INFORMATION SUPPLIED: Begin
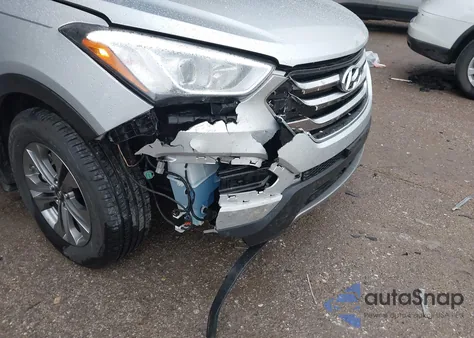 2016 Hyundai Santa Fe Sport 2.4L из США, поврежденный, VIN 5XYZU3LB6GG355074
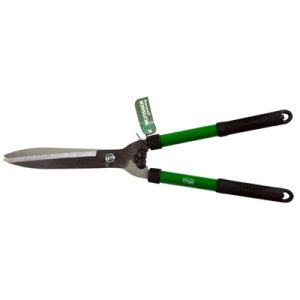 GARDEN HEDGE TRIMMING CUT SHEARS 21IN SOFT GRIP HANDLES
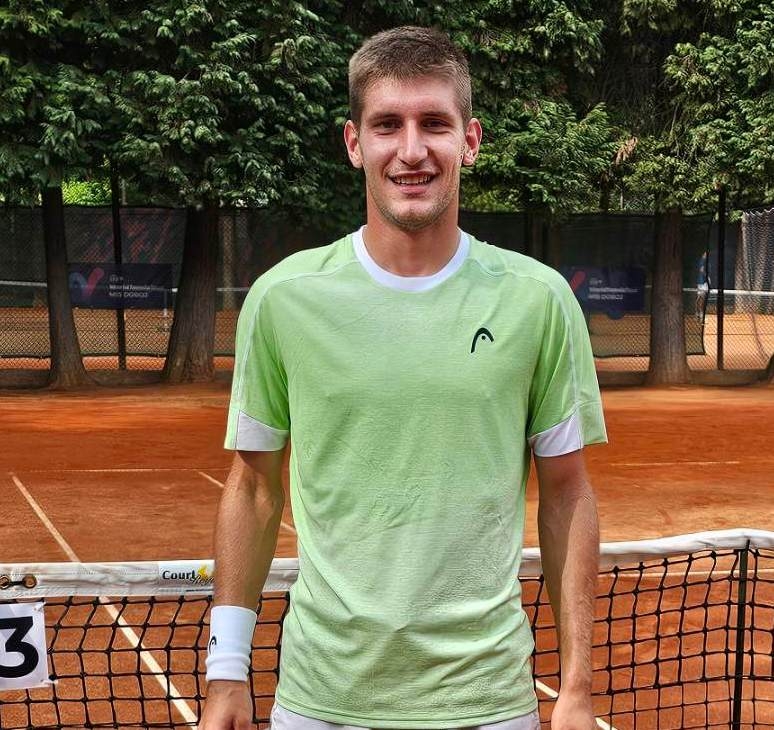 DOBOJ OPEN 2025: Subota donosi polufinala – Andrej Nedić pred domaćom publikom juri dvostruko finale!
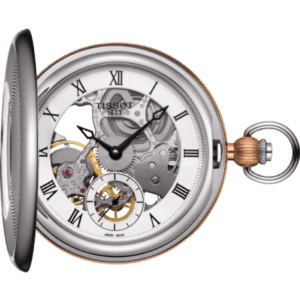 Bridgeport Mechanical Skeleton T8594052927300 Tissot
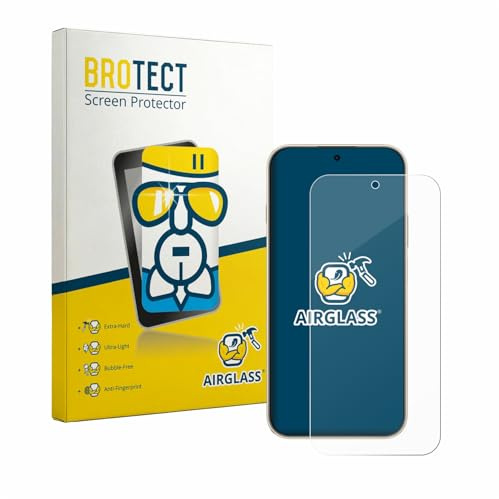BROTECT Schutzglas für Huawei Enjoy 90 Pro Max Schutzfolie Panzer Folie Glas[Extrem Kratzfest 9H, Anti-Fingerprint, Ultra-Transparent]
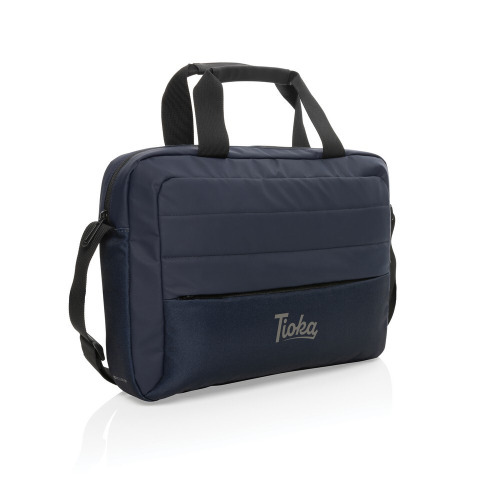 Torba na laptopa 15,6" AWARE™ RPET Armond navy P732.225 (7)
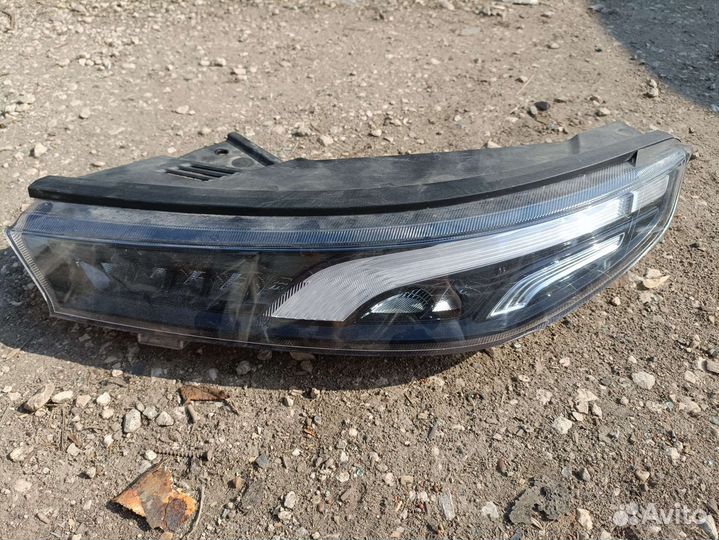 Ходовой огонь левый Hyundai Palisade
INFORMATION SUPPLIED: End
WORK TASK: Keep every word of the records exact as you write them out, but drop the pictures.

REPLY TO THE TASK:
 2016 Hyundai Santa Fe Sport 2.4L из США, поврежденный, VIN 5XYZU3LB6GG355074
 GARDEN HEDGE TRIMMING CUT SHEARS 21IN SOFT GRIP HANDLES
 DOBOJ OPEN 2025: Subota donosi polufinala – Andrej Nedić pred domaćom publikom juri dvostruko finale!
 Bridgeport Mechanical Skeleton T8594052927300 Tissot
BROTECT Schutzglas für Huawei Enjoy 90 Pro Max Schutzfolie Panzer Folie Glas[Extrem Kratzfest 9H, Anti-Fingerprint, Ultra-Transparent]
 Torba na laptopa 15,6" AWARE™ RPET Armond navy P732.225 (7)
 Ходовой огонь левый Hyundai Palisade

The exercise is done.